*What you should do:* Print the entries exactly; skip the pictures.

(Dataset entries)
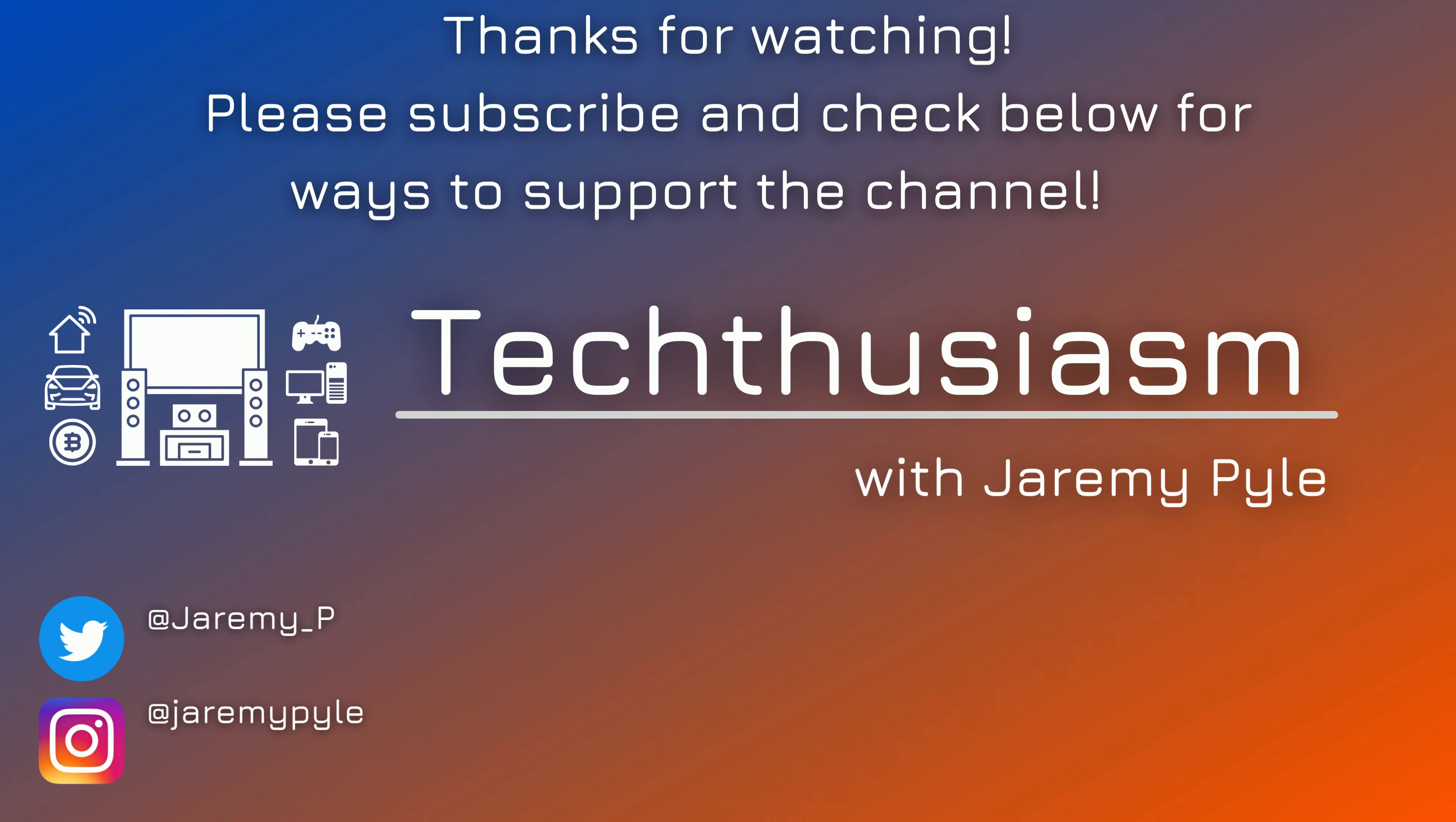Thanks so much for watching. Check the channel for more comparisons, and come on back for more home theater discussion and fun.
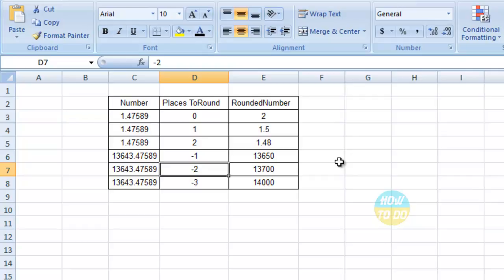In this way you will be able to utilize the ROUNDUP function to round up numbers that have decimal points. With this simple technique, you can use equals ROUNDUP, open bracket, select the number, comma, the rounding digits, close the bracket, and get your output.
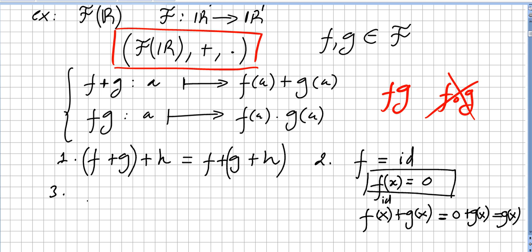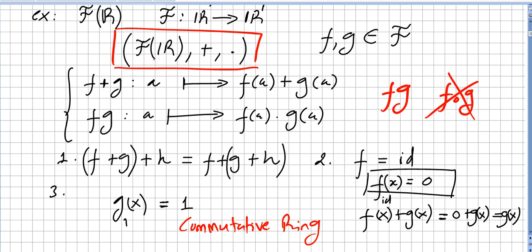Then you check inverses, and for multiplication you check associativity. The identity for multiplication is obviously going to be the constant function one — let's call it g₁(x) = 1. It's very easy to check that this set of functions under these operations forms a commutative ring.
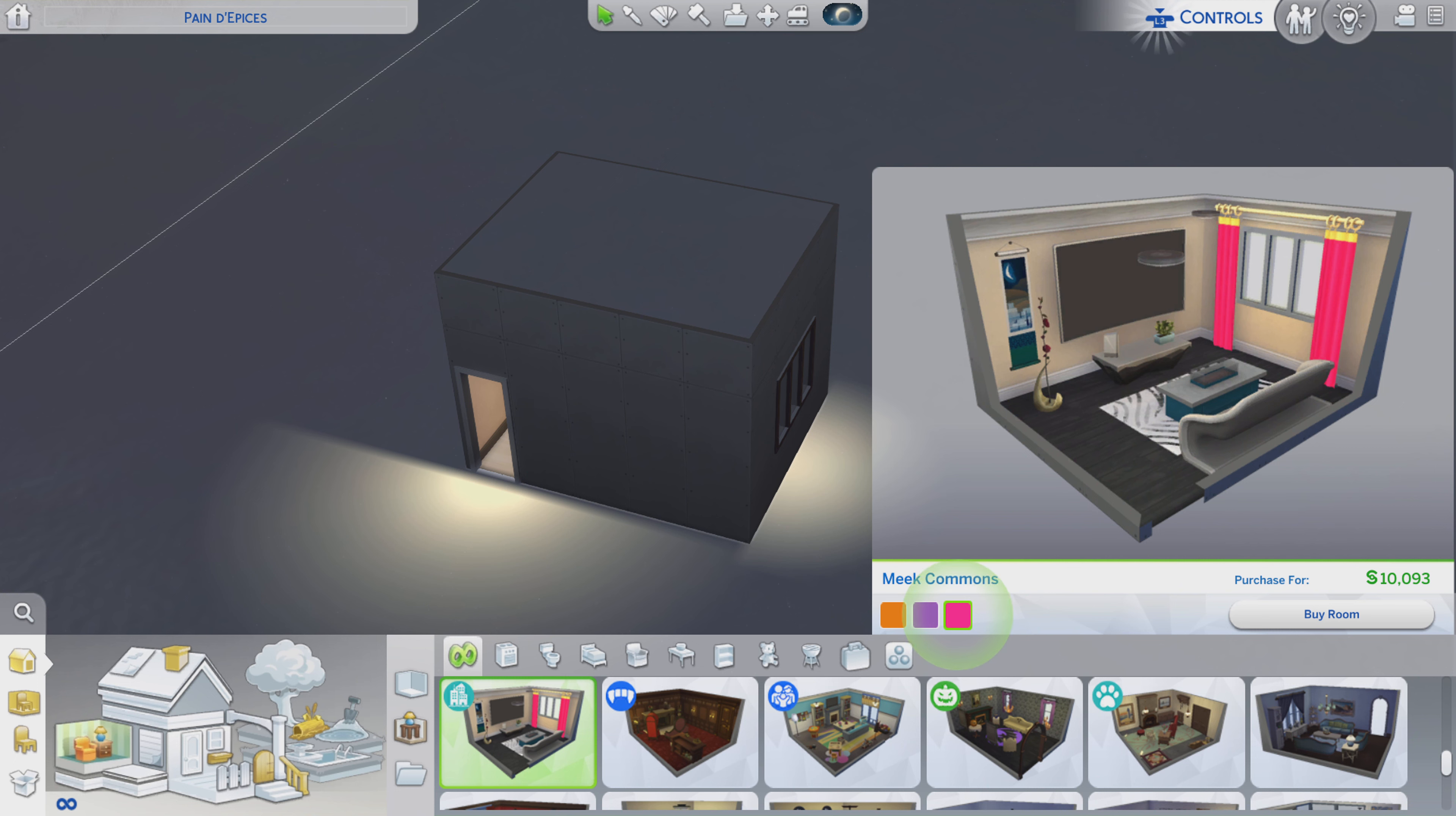This stylized room is called Meek Commons. It costs roughly $10,000, and we have three color choices. Before I forget, this does come from the City Living Pack.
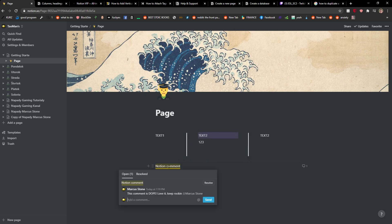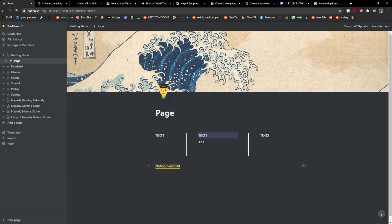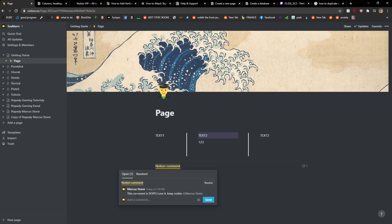And send. And as you can see, when someone is going to click on this, you can see the comment right here.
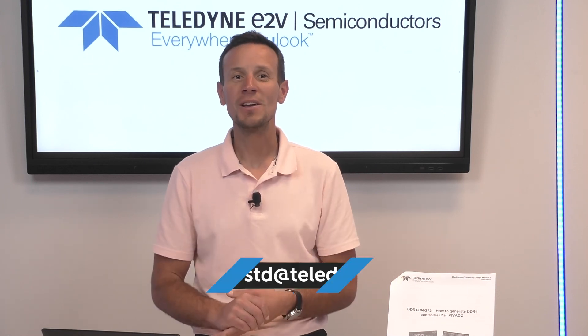Thanks for watching and don't hesitate to get in touch with us to get the material or for more information.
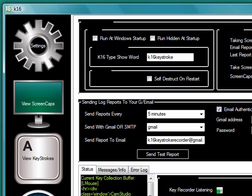Hi, this is Truman from SurveillanceWare.com and this is a review of the K16 Keystroke Recording software.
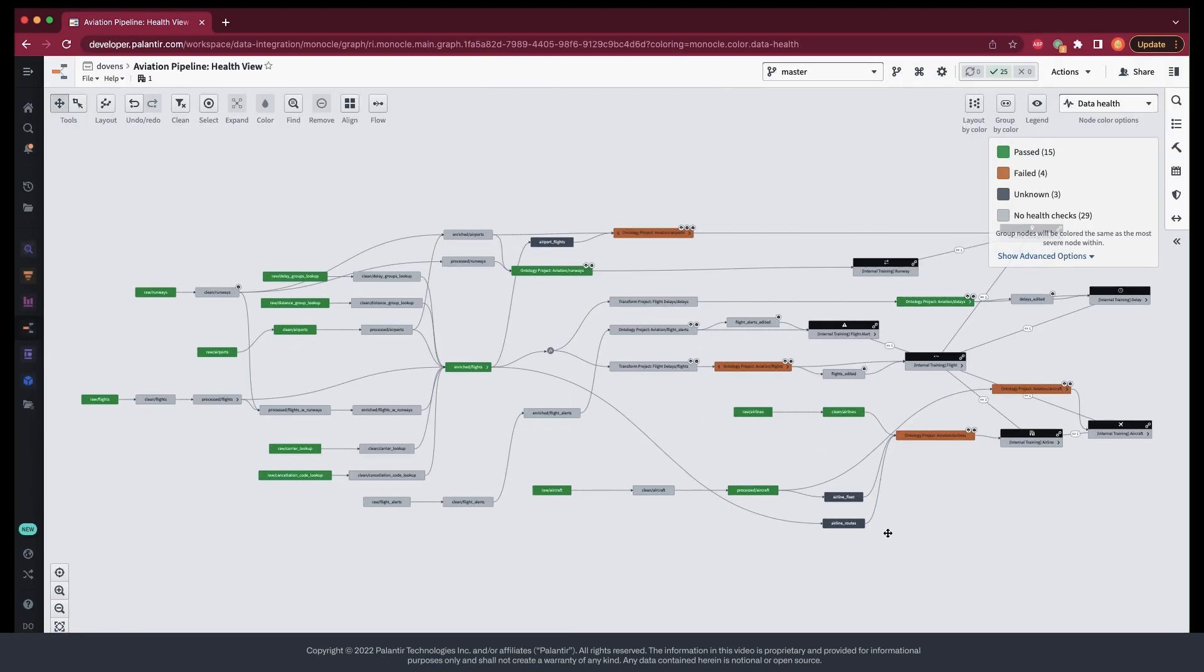Now, that's all well and good when you want to see a high-level overview of your pipeline, but what if you want to dig one level deeper?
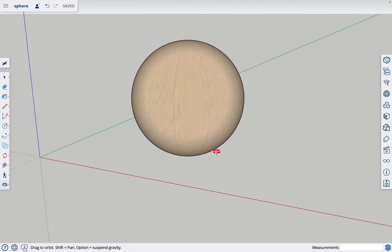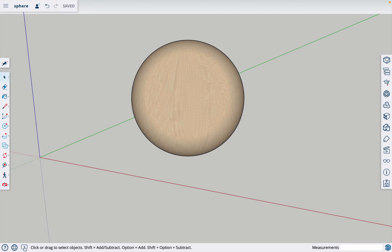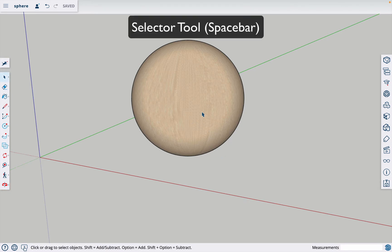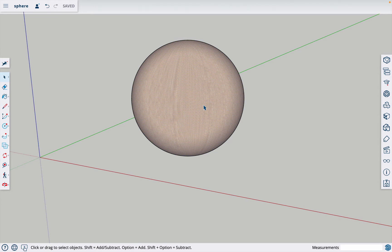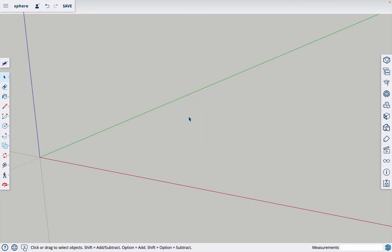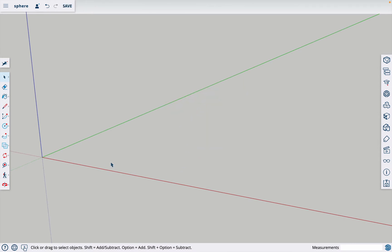So the first thing I'll do is hit spacebar which will give me my selector tool, and I'm going to select this sphere and hit delete just to get it out of the way so we can start fresh.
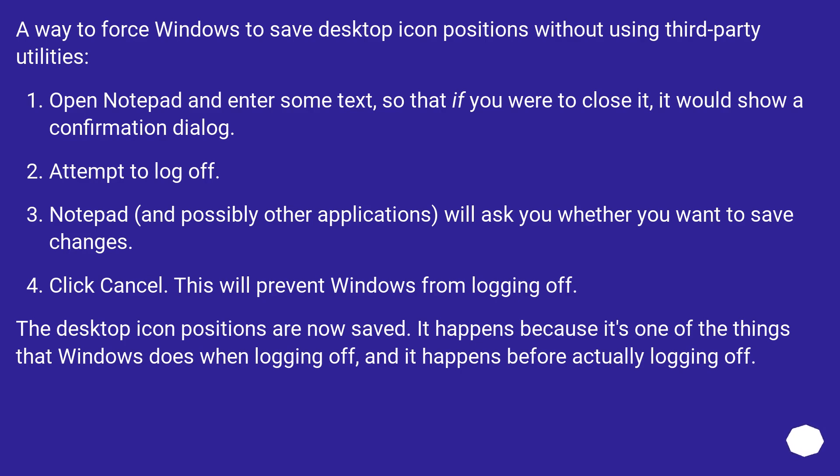Attempt to log off. Notepad, and possibly other applications, will ask you whether you want to save changes. Click cancel. This will prevent Windows from logging off.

*Response:*
Thanks so much for watching. Check the channel for more comparisons, and come on back for more home theater discussion and fun.
In this way you will be able to utilize the ROUNDUP function to round up numbers that have decimal points. With this simple technique, you can use equals ROUNDUP, open bracket, select the number, comma, the rounding digits, close the bracket, and get your output.
Then you check inverses, and for multiplication you check associativity. The identity for multiplication is obviously going to be the constant function one — let's call it g₁(x) = 1. It's very easy to check that this set of functions under these operations forms a commutative ring.
This stylized room is called Meek Commons. It costs roughly $10,000, and we have three color choices. Before I forget, this does come from the City Living Pack.
And send. And as you can see, when someone is going to click on this, you can see the comment right here.
Thanks for watching and don't hesitate to get in touch with us to get the material or for more information.
Hi, this is Truman from SurveillanceWare.com and this is a review of the K16 Keystroke Recording software.
Now, that's all well and good when you want to see a high-level overview of your pipeline, but what if you want to dig one level deeper?
So the first thing I'll do is hit spacebar which will give me my selector tool, and I'm going to select this sphere and hit delete just to get it out of the way so we can start fresh.
Attempt to log off. Notepad, and possibly other applications, will ask you whether you want to save changes. Click cancel. This will prevent Windows from logging off.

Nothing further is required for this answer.